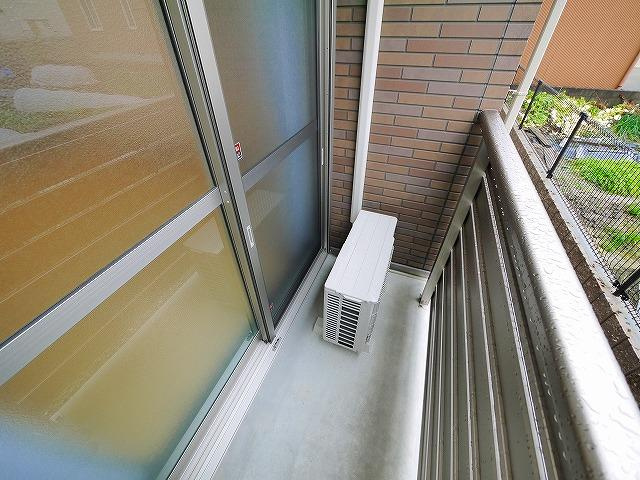 バルコニー　陽当たり良好なバルコニーです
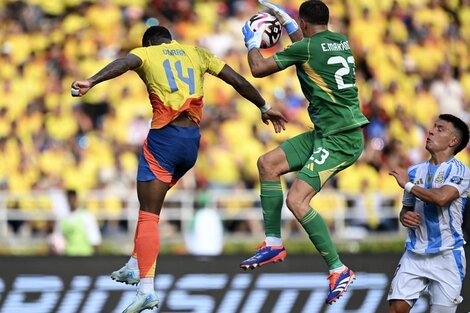 Dibu Martínez salva una ocasión peligrosa frente a su compañero del Aston Villa, Durán.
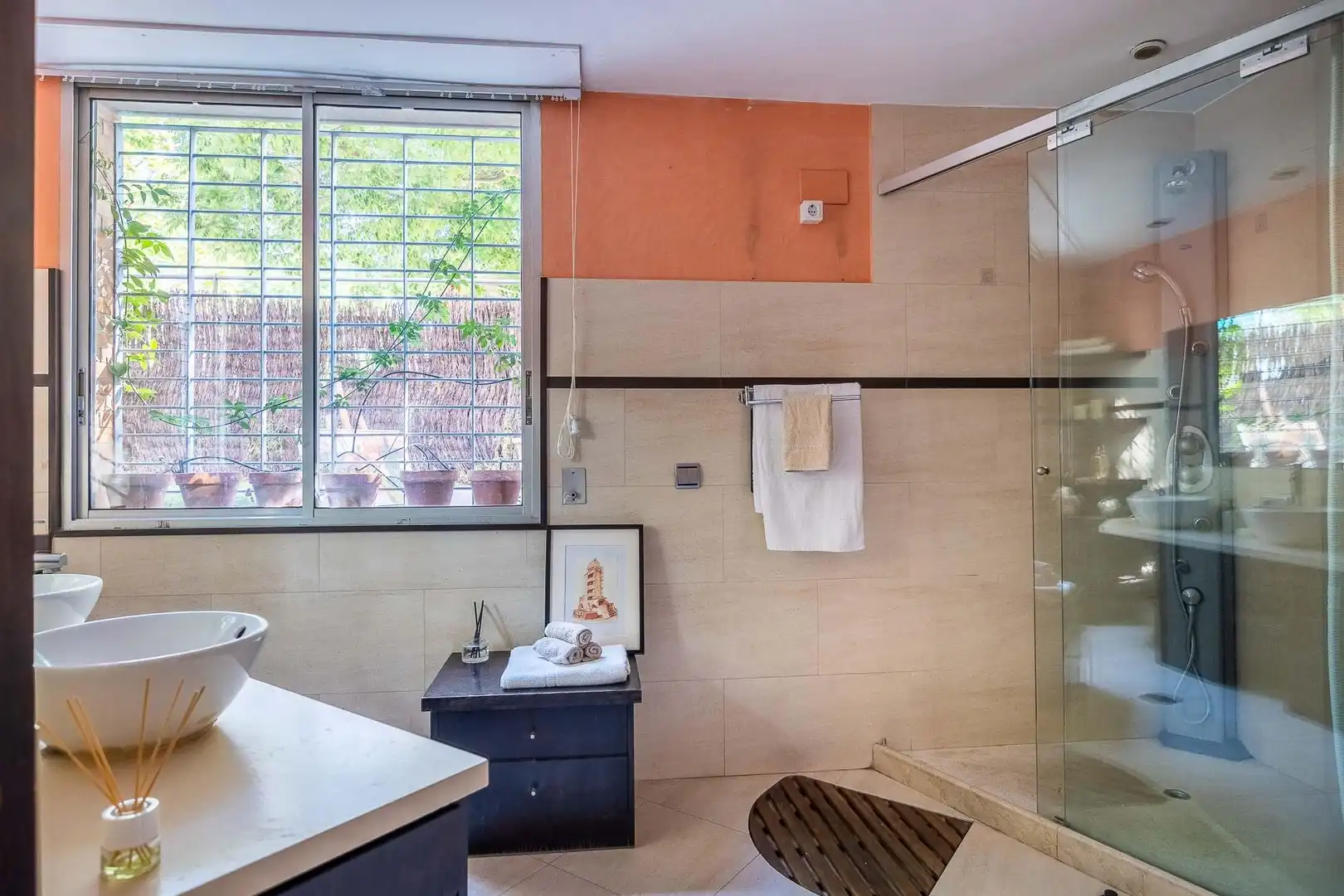Bathroom of Flat for sale in Sevilla  with Air Conditioner, Private garden and Parquet flooring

### TASK REQUIREMENTS
Return the material word for word, images omitted.

### ANSWER FOR THIS EXERCISE
 バルコニー　陽当たり良好なバルコニーです
 Dibu Martínez salva una ocasión peligrosa frente a su compañero del Aston Villa, Durán.
Bathroom of Flat for sale in Sevilla  with Air Conditioner, Private garden and Parquet flooring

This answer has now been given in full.